I haven’t had hot water since Sunday. This has meant boiling a lot of kettles and staying stinky a lot longer than I would normally like. On the plus side, it’s been a great excuse to leave the washing up. But now there’s an accumulation of plates and cups so high and precarious that it really shouldn’t be attempted without the guidance of a sherpa. They don’t have many sherpas in Muswell Hill; there isn’t usually the call for them.
Yesterday (realising the hot water wasn’t going to come back by itself) I called the gas company and quoted my landlord’s repair agreement. It’s a boiler and I’ve been here for 3 years: the thing has broken before. I’ve had to make almost exactly this call at least once annually, so I know how it goes. I’ve kept all the paperwork to prove when they’ve last been and everything.

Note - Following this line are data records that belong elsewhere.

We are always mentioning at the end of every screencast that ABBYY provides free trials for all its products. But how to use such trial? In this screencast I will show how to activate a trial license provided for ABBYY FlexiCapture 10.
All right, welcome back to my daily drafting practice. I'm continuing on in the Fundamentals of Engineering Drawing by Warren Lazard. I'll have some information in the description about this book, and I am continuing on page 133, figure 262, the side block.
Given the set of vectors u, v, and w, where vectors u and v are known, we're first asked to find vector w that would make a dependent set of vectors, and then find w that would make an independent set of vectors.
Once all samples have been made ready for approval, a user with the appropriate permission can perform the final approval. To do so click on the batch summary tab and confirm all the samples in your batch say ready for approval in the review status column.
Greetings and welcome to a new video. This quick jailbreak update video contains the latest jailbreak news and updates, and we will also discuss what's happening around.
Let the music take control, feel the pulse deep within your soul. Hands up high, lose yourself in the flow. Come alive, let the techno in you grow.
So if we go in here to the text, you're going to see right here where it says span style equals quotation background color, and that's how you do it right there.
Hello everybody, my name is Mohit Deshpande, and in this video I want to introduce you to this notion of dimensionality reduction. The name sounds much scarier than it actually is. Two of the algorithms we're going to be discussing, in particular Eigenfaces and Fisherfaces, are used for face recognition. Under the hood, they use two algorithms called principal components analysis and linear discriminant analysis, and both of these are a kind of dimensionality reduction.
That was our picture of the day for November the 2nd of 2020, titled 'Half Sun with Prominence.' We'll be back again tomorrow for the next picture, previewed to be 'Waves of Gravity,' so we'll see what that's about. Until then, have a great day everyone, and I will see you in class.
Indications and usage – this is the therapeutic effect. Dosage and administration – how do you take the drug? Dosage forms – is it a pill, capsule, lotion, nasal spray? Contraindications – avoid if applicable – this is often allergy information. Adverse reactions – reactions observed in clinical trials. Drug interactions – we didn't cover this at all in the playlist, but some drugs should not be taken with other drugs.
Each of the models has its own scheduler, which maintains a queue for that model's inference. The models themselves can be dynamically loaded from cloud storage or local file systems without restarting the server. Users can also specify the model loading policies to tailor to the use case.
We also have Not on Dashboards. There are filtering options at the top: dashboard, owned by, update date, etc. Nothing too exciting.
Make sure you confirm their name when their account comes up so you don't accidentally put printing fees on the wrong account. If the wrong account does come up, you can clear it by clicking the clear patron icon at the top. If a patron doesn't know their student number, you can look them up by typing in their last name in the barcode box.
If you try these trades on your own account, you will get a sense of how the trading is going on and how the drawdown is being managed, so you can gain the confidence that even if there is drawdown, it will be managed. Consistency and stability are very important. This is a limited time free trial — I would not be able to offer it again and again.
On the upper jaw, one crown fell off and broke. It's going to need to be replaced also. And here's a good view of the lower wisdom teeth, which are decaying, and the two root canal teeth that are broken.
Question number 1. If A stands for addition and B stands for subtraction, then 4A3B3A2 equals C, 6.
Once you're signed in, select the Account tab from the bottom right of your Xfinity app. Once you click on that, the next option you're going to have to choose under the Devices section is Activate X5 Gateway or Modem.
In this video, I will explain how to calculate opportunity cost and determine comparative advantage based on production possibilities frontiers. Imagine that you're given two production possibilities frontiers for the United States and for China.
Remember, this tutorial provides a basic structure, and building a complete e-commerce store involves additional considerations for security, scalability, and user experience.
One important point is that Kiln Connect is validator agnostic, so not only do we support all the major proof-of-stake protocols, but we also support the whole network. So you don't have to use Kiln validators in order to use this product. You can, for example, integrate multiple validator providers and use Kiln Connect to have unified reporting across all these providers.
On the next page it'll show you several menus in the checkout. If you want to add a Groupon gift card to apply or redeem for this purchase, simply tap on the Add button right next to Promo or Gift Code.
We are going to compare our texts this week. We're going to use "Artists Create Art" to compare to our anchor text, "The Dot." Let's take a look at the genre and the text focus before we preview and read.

The gas company surprised me by saying there was no such boiler and no such agreement. “But, the paperwork…” I offered feebly, cartoon stink fumes rising off me as I spoke. Yes, yes, the paperwork. Whatever. I was advised to ask my landlord. I did. He said that he hadn’t cancelled or changed anything since the last callout to this self-same, non-fictitious boiler and would call the company. He did. Then he called me back. I could go ahead and make the appointment as it was a glitch in the company’s matrix and there was a contract and all systems were go. All except my hot water. Still, this felt like progress and eventually I got them to agree to send someone out.
Cut to earlier today, in the hallway of my home, the gas company on the gas man’s mobile and my landlord on mine, both of us having the same conversations. “I was told this.” “Well, I was told that.” Standing in front of the still non-fictitious boiler I was informed, yet again, that it didn’t exist. It had certainly never been worked on by the company. I brought out the company’s own paperwork and pointed at dates and signatures to prove that it wasn’t just a dream I’d had. A really, really boring dream.
The gas man shrugged and started to explain again why he couldn’t work on a ficitious boiler and that he was sorry I didn’t understand… Stinky, tired and really sick of having the same conversation with people who obviously never write anything down or relay information, I snapped. I blew like the fictitious boiler is probably about to do. ”I understand,” I sneered. “Please don’t patronise me.”
I hate rudeness, but I hate it most when it comes from me. The man looked at me like he hated me and to be honest, I wasn’t my own biggest fan at that moment either. He just has to have numbers on a form before he can do things to boilers and the numbers weren’t on the form. That wasn’t his fault. The fact that I’d spoken to his office 3 times the day before and managed to change nothing wasn’t his fault either. But he was there, and I needed him to understand that one of us had been passed the wrong information and it just might be him. All the while, we have no clean plates and people are starting to cross the road when we pass by.
It didn’t give me any pleasure, but maybe now he’ll take me seriously. Maybe now he’ll believe in my boiler. Yeah, right. Whatever.